Es lo que he estado haciendo durante mi ausencia de estos días: disfrutar del trabajo; a pesar de tentarme constantemente los libros de El mar de John Banville y Como la sombra que se va de Antonio Muñoz Molina; eran cantos de sirenas difíciles de resistir.
He estado completamente sumergida en las profundidades de una pericial. La que me ha hecho recordar que la gente que conozco con mala leche, suelen tener una inteligencia media; y llegar al razonamiento que mala leche + inteligencia media = sistema de protección de la especie. Si una persona con mala voluntad tuviera una inteligencia superior a la media, podría hacer bastante daño a sus semejantes; pero, una persona con mala voluntad y falta de seso, es aún más dañino, sobretodo para sí mismo. Un vecino, de una barriada populosa de Málaga, por algunas desavenencias con su vecina, se ha dedicado a fastidiarla, primero con niñerías que sólo he conocido porque la vecina necesitaba desahogarse con alguien, pero que no repercutían en el peritaje. Luego comenzó a producir desperfectos en la vivienda de la mujer por un valor superior a 3000 euros.

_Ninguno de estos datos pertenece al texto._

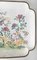 19th Century Chinese Canton Peking Enamel Square Dish with Flycatchers and Flowers 3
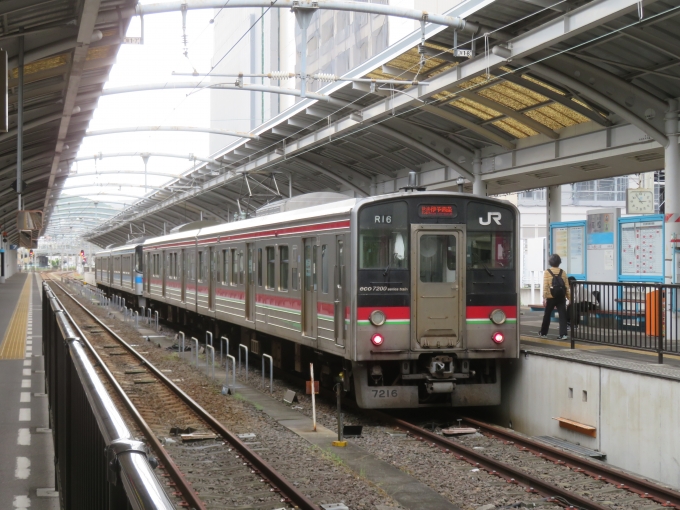 鉄道フォト・写真：JR四国7200系電車  サンポート 7216 高松駅 (香川県) 鉄道フォト・写真 by kinokuniさん - 撮影日 2024/05/06 14:52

El final de la historia se podría considerar de justicia poética, si realmente sospechara que con lo ocurrido el vecino molesto iba a escarmentar. El hombre rompió la bajante de aguas fecales de su vivienda (él asegura que se rompió sola) con la esperanza que las aguas sucias, por estar las casas en pendiente -más baja la de la vecina- inundaría el forjado sanitario de la que él considera su enemiga. No contaba con que esas casas están construidas sobre restos de otras, y entre ellas había un muro de ladrillo macizo bastante profundo. La casa que se ha inundado y sufrido los desperfectos es la del sujeto. Lástima que su inteligencia no le dé para comprender que su odio le perjudica, principalmente, a él.